(349m) Tuning the Interaction of Molecules with Lewis Acid Zeolite By Hot Carriers

Manipulating the interaction between Lewis acid catalysts and reactants/intermediates to tune catalyst activity has received considerable interests in the field of biomass conversion. Changing the metal dopant in the Lewis acid zeolites is normally applied; however, only few of elements can be introduced into zeolite to form a strong Lewis acid. In this study, we bring a new approach to tune the interaction between zeolite and molecules by integrating a plasmonic catalyst with zeolite. This hybrid catalyst can take advantage of local surface plasmon resonance to generate the highly energetic charge carries into the system and combine them with the exceptional properties of zeolites. Here, by performing the DFT calculations, we investigated the effect of the hot carriers on the interaction between zeolite and molecules. We find that while there is no remarkable change in the heat adsorption of ammonia on Zr-BEA or Si-BEA under the effect of the hot electron, the heat adsorption on Sn-BEA and Ti-BEA can be significantly reduced by 60% or 20%, respectively, due to the population of the hot electrons at the metal center. The mid-gap states and the strong electronegativity make this process more preferable for Sn-BEA. In contrast, the hot holes strengthen the interaction between zeolite and molecules, by at least 10% for ammonia adsorption.

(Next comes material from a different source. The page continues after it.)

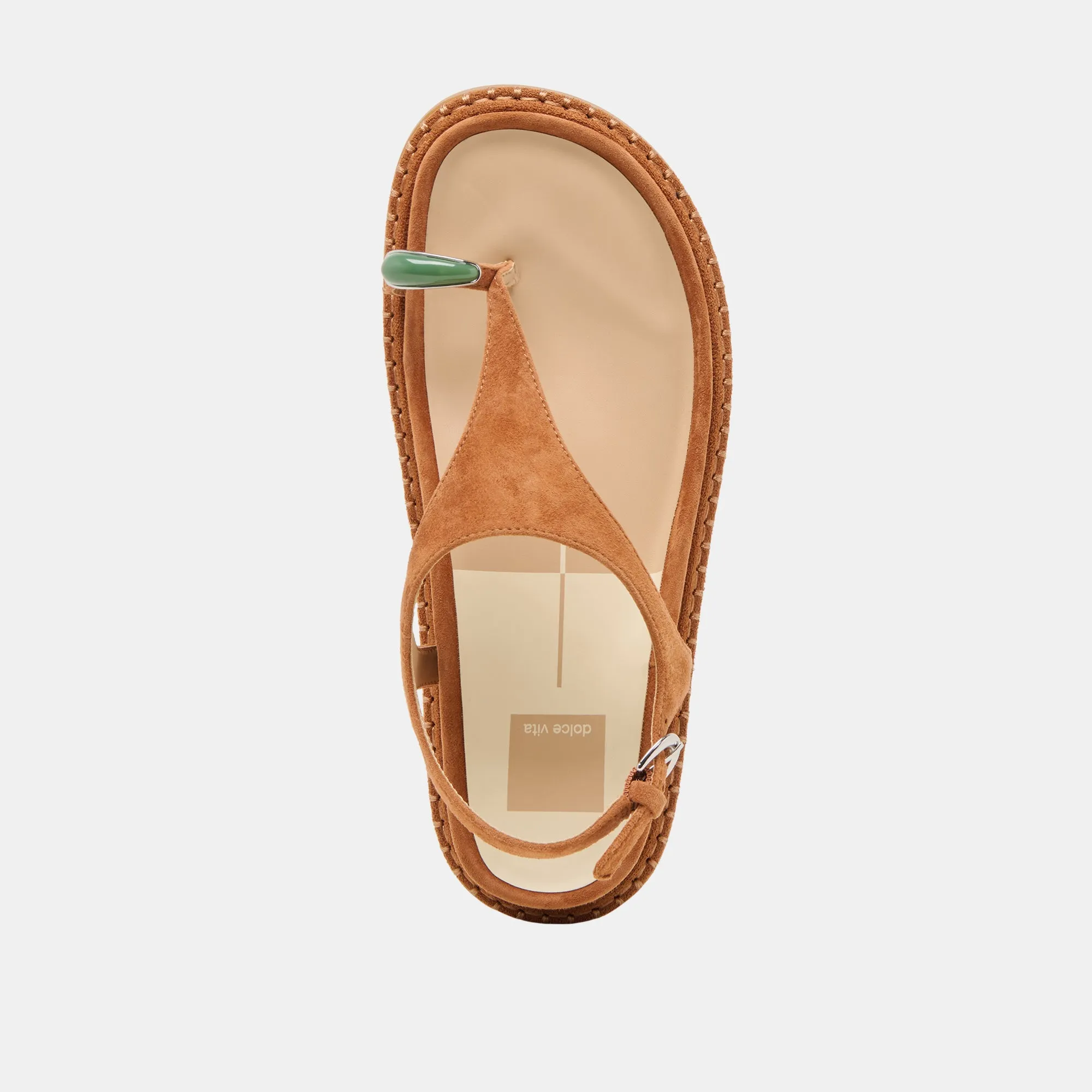 SANDALES STEFAN GEMSTONE EN DAIM CARAMEL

Interestingly, the hot holes can increase 3 times of the heat adsorption of ammonia on Si-BEA, from a weak interaction to an interaction as moderate as ammonia adsorbed on Ti-BEA. Our study thus provides the fundamental insights to unlock the potential of integrating plasmonic catalysts with zeolite and brings additional degrees of control to tune the interaction between catalysts and reactants, thereby enhancing the catalyst activity in heterogeneous catalysis.